**TASK PROMPT:** Read through the data, and wherever a line holds the word "marron", write that line out.

**THE DATA:**
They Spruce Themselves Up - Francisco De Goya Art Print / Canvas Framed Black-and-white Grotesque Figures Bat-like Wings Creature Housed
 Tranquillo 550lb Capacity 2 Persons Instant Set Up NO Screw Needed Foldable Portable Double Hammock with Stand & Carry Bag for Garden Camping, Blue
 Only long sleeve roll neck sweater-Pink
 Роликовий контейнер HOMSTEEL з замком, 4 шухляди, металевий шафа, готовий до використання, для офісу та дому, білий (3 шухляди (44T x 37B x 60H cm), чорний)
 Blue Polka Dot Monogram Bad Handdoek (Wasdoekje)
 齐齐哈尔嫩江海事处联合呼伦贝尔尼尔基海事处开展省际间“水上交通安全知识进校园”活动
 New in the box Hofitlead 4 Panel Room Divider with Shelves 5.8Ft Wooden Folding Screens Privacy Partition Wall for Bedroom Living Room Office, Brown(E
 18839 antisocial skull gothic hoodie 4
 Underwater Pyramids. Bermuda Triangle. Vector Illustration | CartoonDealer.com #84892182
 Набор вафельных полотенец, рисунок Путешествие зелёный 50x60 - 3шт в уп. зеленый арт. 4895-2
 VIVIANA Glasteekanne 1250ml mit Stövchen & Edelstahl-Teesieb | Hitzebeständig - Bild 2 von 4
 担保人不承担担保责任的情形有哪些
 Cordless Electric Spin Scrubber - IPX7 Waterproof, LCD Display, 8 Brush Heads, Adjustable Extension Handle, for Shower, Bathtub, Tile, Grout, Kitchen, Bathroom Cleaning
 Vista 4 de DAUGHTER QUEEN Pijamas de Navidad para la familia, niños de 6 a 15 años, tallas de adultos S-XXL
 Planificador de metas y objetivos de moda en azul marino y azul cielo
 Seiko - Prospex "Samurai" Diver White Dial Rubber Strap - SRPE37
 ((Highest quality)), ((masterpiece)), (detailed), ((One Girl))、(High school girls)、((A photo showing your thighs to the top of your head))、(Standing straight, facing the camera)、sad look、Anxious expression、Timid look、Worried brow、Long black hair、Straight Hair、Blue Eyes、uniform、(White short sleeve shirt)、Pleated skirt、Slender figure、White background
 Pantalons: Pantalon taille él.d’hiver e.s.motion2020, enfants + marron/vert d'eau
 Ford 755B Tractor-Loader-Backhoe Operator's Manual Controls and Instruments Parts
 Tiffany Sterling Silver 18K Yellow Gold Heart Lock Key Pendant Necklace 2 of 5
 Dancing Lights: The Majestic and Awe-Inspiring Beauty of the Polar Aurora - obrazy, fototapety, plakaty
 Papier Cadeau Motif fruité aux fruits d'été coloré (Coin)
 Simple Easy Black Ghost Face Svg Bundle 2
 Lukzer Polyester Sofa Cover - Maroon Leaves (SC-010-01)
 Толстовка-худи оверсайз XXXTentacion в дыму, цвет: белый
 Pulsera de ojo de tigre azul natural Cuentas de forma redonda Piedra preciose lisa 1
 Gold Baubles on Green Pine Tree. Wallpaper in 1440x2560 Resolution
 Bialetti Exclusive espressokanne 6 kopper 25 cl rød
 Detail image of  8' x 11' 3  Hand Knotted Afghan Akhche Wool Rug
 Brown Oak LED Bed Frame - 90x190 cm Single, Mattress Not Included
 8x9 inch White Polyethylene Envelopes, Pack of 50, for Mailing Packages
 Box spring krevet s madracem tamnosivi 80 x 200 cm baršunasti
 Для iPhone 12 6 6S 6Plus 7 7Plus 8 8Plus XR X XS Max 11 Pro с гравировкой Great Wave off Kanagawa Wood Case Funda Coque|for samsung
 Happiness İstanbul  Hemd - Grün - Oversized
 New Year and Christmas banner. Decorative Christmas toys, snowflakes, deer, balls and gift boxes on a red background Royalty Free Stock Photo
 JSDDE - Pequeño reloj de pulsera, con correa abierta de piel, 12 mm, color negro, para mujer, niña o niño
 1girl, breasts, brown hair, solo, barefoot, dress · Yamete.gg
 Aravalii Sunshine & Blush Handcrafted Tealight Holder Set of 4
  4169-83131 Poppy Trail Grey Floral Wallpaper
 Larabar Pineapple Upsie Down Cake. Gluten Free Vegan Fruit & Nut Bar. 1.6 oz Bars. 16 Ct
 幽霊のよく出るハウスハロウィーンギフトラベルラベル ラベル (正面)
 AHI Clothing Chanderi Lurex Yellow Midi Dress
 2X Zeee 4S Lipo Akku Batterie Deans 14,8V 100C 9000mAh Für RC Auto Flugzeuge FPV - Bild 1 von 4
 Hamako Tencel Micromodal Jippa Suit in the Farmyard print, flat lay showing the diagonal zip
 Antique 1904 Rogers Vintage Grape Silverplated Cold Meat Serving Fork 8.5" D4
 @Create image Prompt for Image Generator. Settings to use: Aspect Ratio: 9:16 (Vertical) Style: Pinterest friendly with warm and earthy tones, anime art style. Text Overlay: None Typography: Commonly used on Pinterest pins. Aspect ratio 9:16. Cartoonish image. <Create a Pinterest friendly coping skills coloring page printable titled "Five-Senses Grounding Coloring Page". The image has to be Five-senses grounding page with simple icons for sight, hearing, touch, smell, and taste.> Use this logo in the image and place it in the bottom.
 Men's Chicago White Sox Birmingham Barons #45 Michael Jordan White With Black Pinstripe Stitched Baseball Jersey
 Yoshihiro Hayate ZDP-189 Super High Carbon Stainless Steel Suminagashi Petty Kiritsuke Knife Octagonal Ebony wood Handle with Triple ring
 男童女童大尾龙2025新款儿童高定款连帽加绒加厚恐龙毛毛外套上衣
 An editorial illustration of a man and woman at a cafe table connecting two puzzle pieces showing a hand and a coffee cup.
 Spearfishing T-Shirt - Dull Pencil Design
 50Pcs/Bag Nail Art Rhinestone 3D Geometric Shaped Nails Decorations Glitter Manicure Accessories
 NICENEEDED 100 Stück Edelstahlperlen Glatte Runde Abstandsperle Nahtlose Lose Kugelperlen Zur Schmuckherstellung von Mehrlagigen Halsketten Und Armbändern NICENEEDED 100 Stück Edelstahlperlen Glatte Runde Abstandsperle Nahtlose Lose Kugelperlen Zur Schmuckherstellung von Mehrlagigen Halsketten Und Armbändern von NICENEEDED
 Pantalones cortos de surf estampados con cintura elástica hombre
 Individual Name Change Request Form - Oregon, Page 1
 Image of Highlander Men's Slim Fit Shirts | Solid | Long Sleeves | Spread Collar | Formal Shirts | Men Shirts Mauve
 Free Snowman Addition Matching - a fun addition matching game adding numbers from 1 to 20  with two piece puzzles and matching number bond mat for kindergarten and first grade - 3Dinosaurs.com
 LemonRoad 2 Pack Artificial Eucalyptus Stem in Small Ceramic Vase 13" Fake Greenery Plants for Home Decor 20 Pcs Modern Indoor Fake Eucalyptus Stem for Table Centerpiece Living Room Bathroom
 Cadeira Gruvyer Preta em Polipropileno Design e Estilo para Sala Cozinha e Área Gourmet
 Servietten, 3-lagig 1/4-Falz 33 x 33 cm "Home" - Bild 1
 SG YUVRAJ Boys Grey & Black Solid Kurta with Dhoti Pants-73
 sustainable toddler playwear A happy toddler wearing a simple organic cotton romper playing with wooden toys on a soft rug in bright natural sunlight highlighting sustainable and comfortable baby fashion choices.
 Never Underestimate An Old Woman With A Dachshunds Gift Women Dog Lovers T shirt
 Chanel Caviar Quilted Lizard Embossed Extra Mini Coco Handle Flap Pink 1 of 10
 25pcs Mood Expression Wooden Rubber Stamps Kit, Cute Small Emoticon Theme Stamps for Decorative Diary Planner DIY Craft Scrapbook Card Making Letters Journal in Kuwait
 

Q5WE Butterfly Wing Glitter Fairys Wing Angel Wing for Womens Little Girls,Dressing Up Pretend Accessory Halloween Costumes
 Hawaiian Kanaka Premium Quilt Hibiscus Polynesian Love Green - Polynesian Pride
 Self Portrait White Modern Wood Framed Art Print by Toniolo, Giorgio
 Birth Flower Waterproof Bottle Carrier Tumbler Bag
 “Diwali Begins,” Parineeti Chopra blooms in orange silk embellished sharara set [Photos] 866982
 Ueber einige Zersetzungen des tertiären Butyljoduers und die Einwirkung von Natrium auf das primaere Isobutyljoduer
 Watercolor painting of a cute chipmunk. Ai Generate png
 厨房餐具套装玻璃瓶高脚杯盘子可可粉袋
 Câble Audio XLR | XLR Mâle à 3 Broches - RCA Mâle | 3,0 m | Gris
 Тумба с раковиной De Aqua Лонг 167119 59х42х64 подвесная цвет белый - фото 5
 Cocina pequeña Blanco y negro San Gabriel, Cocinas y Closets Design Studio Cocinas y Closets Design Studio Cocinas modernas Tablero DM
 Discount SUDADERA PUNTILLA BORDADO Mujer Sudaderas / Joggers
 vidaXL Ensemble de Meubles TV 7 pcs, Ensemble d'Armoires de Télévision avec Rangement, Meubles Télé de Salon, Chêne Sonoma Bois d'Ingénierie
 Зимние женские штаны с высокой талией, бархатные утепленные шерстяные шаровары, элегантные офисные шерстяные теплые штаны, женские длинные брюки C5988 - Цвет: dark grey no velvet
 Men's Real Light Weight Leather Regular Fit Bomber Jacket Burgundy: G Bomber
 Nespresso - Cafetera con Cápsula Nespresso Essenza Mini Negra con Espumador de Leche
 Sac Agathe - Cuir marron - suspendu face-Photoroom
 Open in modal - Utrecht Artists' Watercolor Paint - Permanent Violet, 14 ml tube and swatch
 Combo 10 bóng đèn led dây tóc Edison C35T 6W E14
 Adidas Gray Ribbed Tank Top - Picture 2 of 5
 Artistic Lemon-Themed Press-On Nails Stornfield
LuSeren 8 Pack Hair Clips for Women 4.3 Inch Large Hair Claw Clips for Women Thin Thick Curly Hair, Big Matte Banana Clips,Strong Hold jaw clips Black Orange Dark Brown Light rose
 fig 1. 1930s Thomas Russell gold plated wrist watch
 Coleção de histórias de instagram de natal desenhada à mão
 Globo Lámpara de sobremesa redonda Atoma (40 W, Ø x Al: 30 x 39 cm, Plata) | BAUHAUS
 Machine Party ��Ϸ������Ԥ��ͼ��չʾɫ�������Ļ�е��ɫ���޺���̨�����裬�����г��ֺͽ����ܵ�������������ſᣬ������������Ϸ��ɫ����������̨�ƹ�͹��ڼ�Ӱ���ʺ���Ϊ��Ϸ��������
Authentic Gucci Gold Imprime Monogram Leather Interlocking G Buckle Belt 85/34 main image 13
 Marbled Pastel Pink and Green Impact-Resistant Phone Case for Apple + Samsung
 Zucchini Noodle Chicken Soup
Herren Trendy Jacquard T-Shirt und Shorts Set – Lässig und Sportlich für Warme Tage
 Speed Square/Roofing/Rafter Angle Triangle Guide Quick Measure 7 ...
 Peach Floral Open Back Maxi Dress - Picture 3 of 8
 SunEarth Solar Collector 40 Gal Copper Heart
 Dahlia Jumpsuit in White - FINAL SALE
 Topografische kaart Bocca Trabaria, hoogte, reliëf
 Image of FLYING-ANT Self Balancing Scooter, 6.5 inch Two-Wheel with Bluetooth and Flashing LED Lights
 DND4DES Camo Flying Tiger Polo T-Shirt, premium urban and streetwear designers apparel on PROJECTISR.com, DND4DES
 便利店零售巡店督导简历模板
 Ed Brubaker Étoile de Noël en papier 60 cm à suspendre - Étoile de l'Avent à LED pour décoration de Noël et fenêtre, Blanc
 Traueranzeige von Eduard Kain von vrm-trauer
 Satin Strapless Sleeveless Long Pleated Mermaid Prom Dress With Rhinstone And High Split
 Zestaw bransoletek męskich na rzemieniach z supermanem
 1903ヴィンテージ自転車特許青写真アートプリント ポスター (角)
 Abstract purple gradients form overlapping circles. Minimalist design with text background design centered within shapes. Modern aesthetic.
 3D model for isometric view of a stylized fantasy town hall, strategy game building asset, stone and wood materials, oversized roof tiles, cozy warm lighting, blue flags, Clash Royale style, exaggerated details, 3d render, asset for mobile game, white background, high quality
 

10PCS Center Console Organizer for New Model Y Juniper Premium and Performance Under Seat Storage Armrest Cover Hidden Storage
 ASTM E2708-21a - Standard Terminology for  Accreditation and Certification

**REPLY TO THE EXERCISE:**
 Pantalons: Pantalon taille él.d’hiver e.s.motion2020, enfants + marron/vert d'eau
 Sac Agathe - Cuir marron - suspendu face-Photoroom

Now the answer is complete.